From: Hongyang Yang <yanghy@cn.fujitsu.com>
To: Wei Liu <wei.liu2@citrix.com>
Cc: ian.campbell@citrix.com, wency@cn.fujitsu.com,
ian.jackson@eu.citrix.com, yunhong.jiang@intel.com,
eddie.dong@intel.com, xen-devel@lists.xen.org,
rshriram@cs.ubc.ca
Subject: Re: [RFC PATCH COLO v5 01/29] Add readme
Date: Tue, 14 Apr 2015 12:06:56 +0800 [thread overview]
Message-ID: <552C9260.4040005@cn.fujitsu.com> (raw)
In-Reply-To: <20150408181120.GP30811@zion.uk.xensource.com>
Wei,
Thanks for the review and sorry for the late reply, was debugging some triple
fault bug. However, it is now fixed, and COLO running much more stable now.
For the readme, it is kind of outdated, we will update it and also address
your comments, then we'll put it onto wiki page. The intree readme will be some
simple desciption and links to wiki pages.
On 04/09/2015 02:11 AM, Wei Liu wrote:
> On Wed, Apr 01, 2015 at 02:41:37PM +0800, Yang Hongyang wrote:
>> From: Wen Congyang <wency@cn.fujitsu.com>
>>
>> Signed-off-by: Wen Congyang <wency@cn.fujitsu.com>
>> Signed-off-by: Yang Hongyang <yanghy@cn.fujitsu.com>
>> ---
>> docs/README.colo | 92 ++++++++++++++++++++++++++++++++++++++++++++++++++++++++
>> 1 file changed, 92 insertions(+)
>> create mode 100644 docs/README.colo
>>
>> diff --git a/docs/README.colo b/docs/README.colo
>> new file mode 100644
>> index 0000000..60f487d
>> --- /dev/null
>> +++ b/docs/README.colo
>> @@ -0,0 +1,92 @@
>> +COLO provides fault tolerance for virtual machines by sending continuous
>> +checkpoints to a backup, which will activate if the target VM fails. It
>> +only supports HVM guest(without pv extensions).
> ^ PV
>
>> +
>> +Requriements:
>> +1. Hardware requriements
>> + There is at least one directly connected nic to forward the nic from client
>> + to secondary vm. The directly connected nic must not be used by any other
>> + purpose. If your guest has more than one nic, you should have directly
>> + connected nic for each guest nic. If you don't have enouth directly connected
>> + nic, you can use vlan.
>> +2. Dom0 requirements
>> + - Support dom0
>> + - kernel module:
>> + sch_ingress
>> + cls_basic
>> + cls_tcindex
>> + cls_u32
>> + act_mirred
>> + - libnl-tools >= 3.0. This package provides the command nl-qdisc-list, and
>> + colo need this command.
> ^ COLO
>
>> + - If your host os has OEM-released xen tools, please uninstall it first.
> ^OS ^ Xen
>
> (and please fix other occurrences of wrong capitalisations as well)
OK
>
> This is a very broad statement and it is not very helpful from both
> developers and users' point of view. Can you elaborate on what
> functionalities that COLO needs to have exclusive access to?
>
>> + - You can load the module which is not provided by OEM.
>
> What does this mean?
Means you may need to compile the module yourself, will make it clear.
>
>> +3. Guest requirements
>> + Only HVM guest(without pv extensions) is supported now. If you want to
>> + use OEM released guest os, please use SUSE. REDHAT and Ubuntu is not
>> + supported now because I don't find any way to disable pv extensions.

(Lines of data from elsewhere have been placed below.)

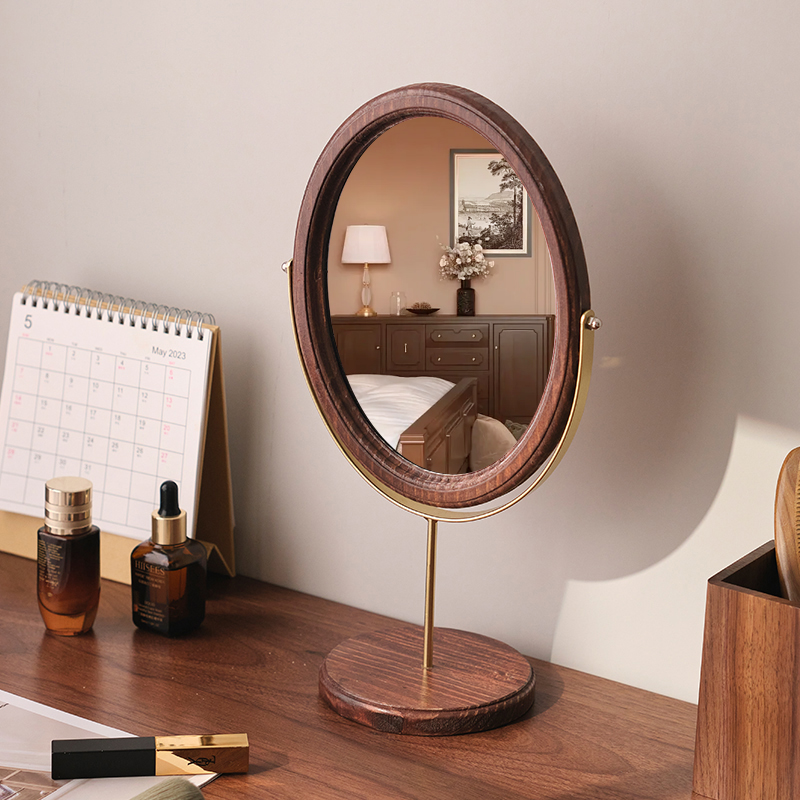 Home Bedroom Desktop Vanity Mi - Luxury Skincare Products のレビューと価格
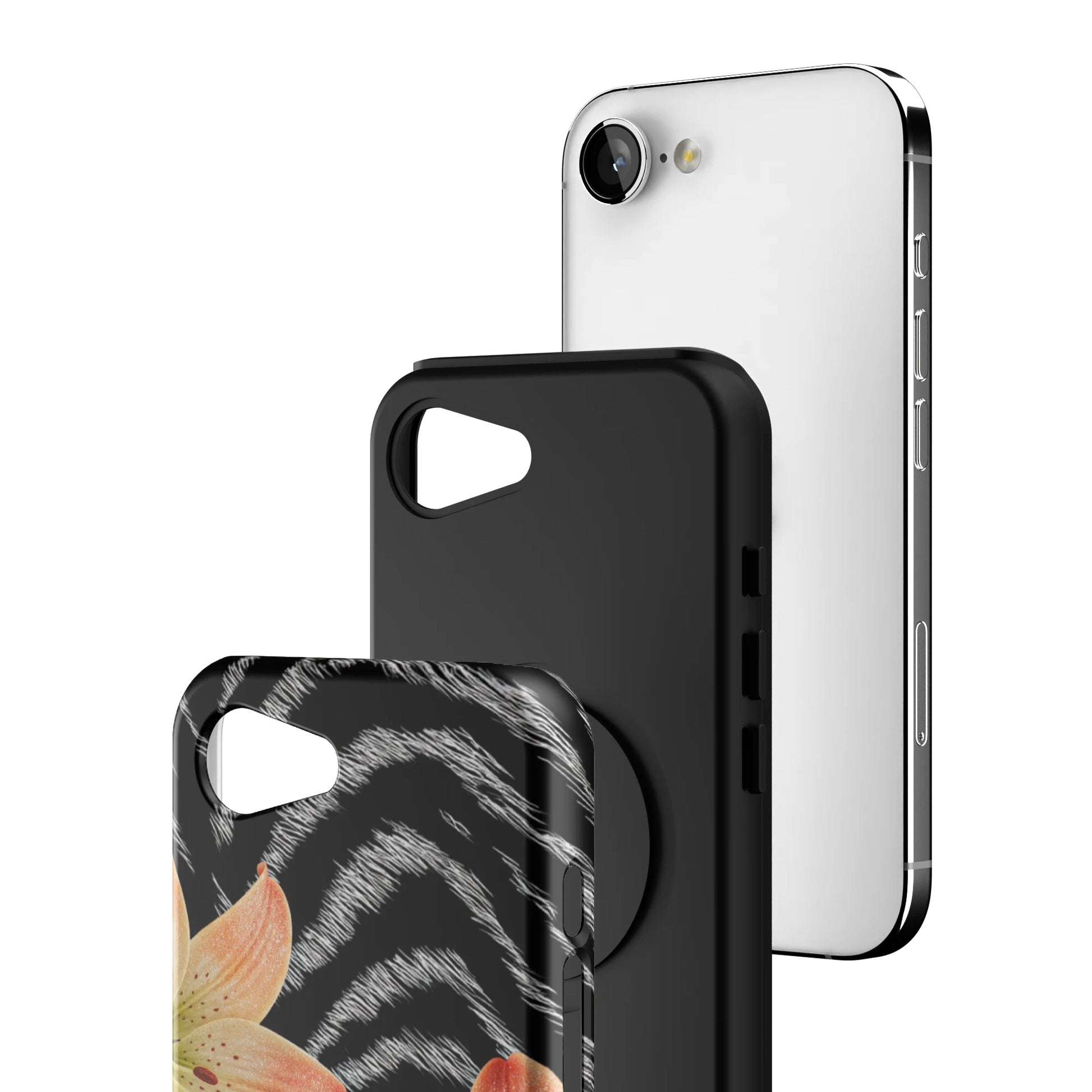 Tangerine-Wild-iphone-case-iPhone 17 E-3
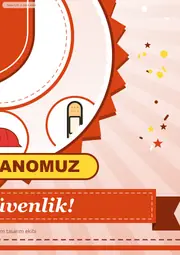 Sağlık ve Güvenlik Kulübü Pano Şeridi ve 6 Bilgi Posteri (8 parça · 84 × 59 cm) — 8. sayfa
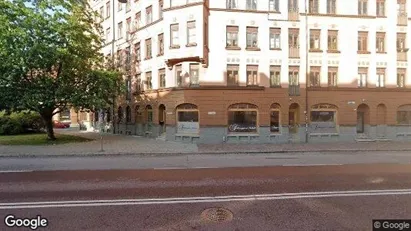 Apartments for rent in Malmö City - Photo from Google Street View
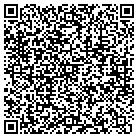 QR code with Manzanares House Raising contacts
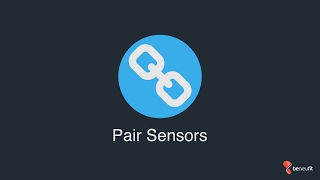 Pair Sensors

>> + If you want to use REDHAT or Ubuntu, you need to build the newest
>> + kernel which has the parameter xen_nopv.
>> +
>
> FWIW, does "xen_platform_pci=0" in your xl.cfg work for RH and Ubuntu
> guests?
It works only if you compile the newer kernel by yourself which support this
option.
>
>> +Network link topology
>> + Please refer to: http://wiki.qemu.org/Features/COLO#Network_link_topology
>> +
>> +The steps to setup COLO environment:
>> +You need to recompile your host kernel because colo-proxy module need cooperate
>> +with linux kernel.
>> +Please refer to: http://wiki.qemu.org/Features/COLO#Test_environment_prepare
>> +1. Build and install xen
>> +2. Apply the patch for qemu xen, and rebuild xen tools:
>> + - cd tools/qemu-xen-dir
>> + - use git am to apply the patch:
>> + https://raw.githubusercontent.com/wencongyang/colo-files/master/patch_for_qemu/*.patch
>> + - make tools && make install-tools
>> + Note: You must use qemu-xen. qemu-xen-traditional is not supported.
>
> Note that you will eventually need to upstream your changes to QEMU.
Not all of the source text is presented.